CONCLUSIONS: Preliminary evidence of the safety and efficacy of FMT for treating refractory IgAN may provide a new direction by which to decipher the pathogenesis of IgAN.

Introduction

IgA nephropathy (IgAN) is the most common primary glomerular disease with an annual worldwide incidence of 25 per 100,000 populations [1]. The current dominant theory of IgAN pathogenesis is that immune complexes characterized bygalactose-deficient IgA1 (GdIgA1) are deposited in the glomerular mesangial area, causing kidney impairment [2]. Increasing evidence indicates that gut dysbiosis plays a role in IgAN. Animal experiments showed that GdIgA1 production depended on the gut commensal microbiota [3]. Genetic studies revealed that risk alleles associated with IgAN were also implicated in dysfunction of the gut barrier and regulation of the mucosal immune response to pathogens [4]. Budesonide released in the distal ileum decreased proteinuria of IgAN patients, attributed to restoration of intestinal mucosal immunity [5]. Lubiprostone also alleviated proteinuria and kidney dysfunction in two patients with IgAN [6], attributed to manipulation of gut dysbiosis and reductions in uremic toxins [7]. Fecal microbiota transplantation (FMT) has been explored in the management of some dysbiosis-related diseases with relatively high safety and efficacy [8]. However, the application of FMT in treating IgAN has not been reported before. We administered intensive fresh FMT to two patients with refractory IgAN and gut dysbiosis. Informed consent was obtained from each patient. The treatment was approved by the ethics committee for clinical trials of the Xijing Hospital of the Fourth Military Medical University in China (KY20172080-1).

Case presentation

Case 1

Patient A was a 48-year-old woman who was referred to the Department of Nephrology of Xijing hospital due to renal dysfunction and persistent heavy proteinuria. Examination revealed: body height 165 cm, weight 60 kg, blood pressure 135/72 mmHg, 24-h urinary protein (24-hUP) 2605 mg, serum creatinine (sCr) 106 µmol/L, serum albumin (sAlb) 32.8 g/L, and estimated glomerular filtration ratio (eGFR) 51.0 mL/min/1.73 m2. Kidney biopsy revealed IgAN (Lee III, M1E1S1T0-C1). She initially in 1997 presented with gross hematuria, but did not receive any intervention. In July 2006, she was prescribed benazepril hydrochloride (gradually increased to maximum tolerated dose) when 24-hUP reached 2300 mg and urine occult blood (2+). However, edema occurred intermittently in both lower extremities and eyelids. She was not willing to administer glucocorticoid when she was awake to the potential adverse effect. In May 2017, she received tacrolimus (2 mg, b.i.d.) and valsartan amlodipine (one tablet, q.d.). Tacrolimus was reduced to 1 mg (b.i.d.) on 1 July 2017 and discontinued on 11 February 2018 due to severe hand tremor. Unfortunately, proteinuria was maintained around 2089 mg, and sCr increased to 128 µmol/L. She then received mycophenolate mofetil (MMF; 0.5 g, b.i.d.) from 26 April 2018. MMF was discontinued after 1.5 months due to intense gastro-intestinal discomfort. At that time, tests showed 24-hUP 2020 mg and urine occult blood (4+). Considering the poor response and intolerance to immunosuppressive drugs (Supplemental Digital Content, Table S1), we defined her condition as refractory, and treated her with intensive fresh FMT after a month of wash-out.

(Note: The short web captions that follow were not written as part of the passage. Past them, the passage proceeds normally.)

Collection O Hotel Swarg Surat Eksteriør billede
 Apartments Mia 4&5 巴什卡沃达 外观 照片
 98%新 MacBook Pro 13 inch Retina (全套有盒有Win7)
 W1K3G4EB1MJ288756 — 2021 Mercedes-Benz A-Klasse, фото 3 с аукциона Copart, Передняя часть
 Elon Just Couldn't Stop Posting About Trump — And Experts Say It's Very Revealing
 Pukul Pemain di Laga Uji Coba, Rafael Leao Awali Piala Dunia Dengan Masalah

FMT was performed 40 times consecutively (200 mL daily, 5 d/week) according to the protocol reported by Sudarshan Paramsothy et al. [9], and then a further 57 times (200 mL daily, 10–15 d/month) over the next 5 months. Valsartan amlodipine was administered during FMT treatment and follow-up. Two healthy young men were selected to donate fresh feces; the findings of medical history, physical examination, and laboratory test of the two donors are described in Supplemental Digital Content Table S2. The procedure of FMT is shown in Supplemental Digital Content File 1. The patient was followed for six months after ceasing treatment (Figure 1(A)). The 24-hUP showed a slow downward trend during and after FMT, decreasing by 37.0% after 97 FMTs and to less than half of baseline three months after FMT, achieving partial clinical remission. The sAlb increased by 21.9 and 32.6% after treatment and follow-up compared to the baseline, respectively, supporting the reduction of protein loss. The sCr and eGFR fluctuated around the baseline, suggesting stable kidney function during and after the treatment process (Table 1, Figure 1(D)).

Figure 1.

Treatment timeline, Alpha diversity, Beta diversity, and 24-h urinary protein of patient A before, during, and post FMT. (A) Treatment timeline of patient A. The timeline shows the major clinical events during the treatment process of patient A. M: month; FK506: tacrolimus; MMF: mycophenolate mofetil; FMT: fecal microbiota transplantation. (B) Alpha diversity (Chao index), which refers to the diversity within a particular region or ecosystem and is a comprehensive indicator of richness and evenness of gut microbiota in patient A. Black dots represent different samples collected from patient A before (A_Pre), during (A_FMT), and post FMT (A_Post). (C) Beta diversity (PCOA index), which reflects the significant microbial community difference between gut microbiota of samples from patient A. Red dots represent samples from donors; Samples collected from patient A before (A_Pre, blue square), during (A_FMT, green triangle), and post FMT (A_Post, yellow diamond). (D) 24-h urinary protein of patient A before, during, and post FMT. Red solid line indicates the trend.

Table 1.

Clinical parameters of patient A and B before, during, and post FMT.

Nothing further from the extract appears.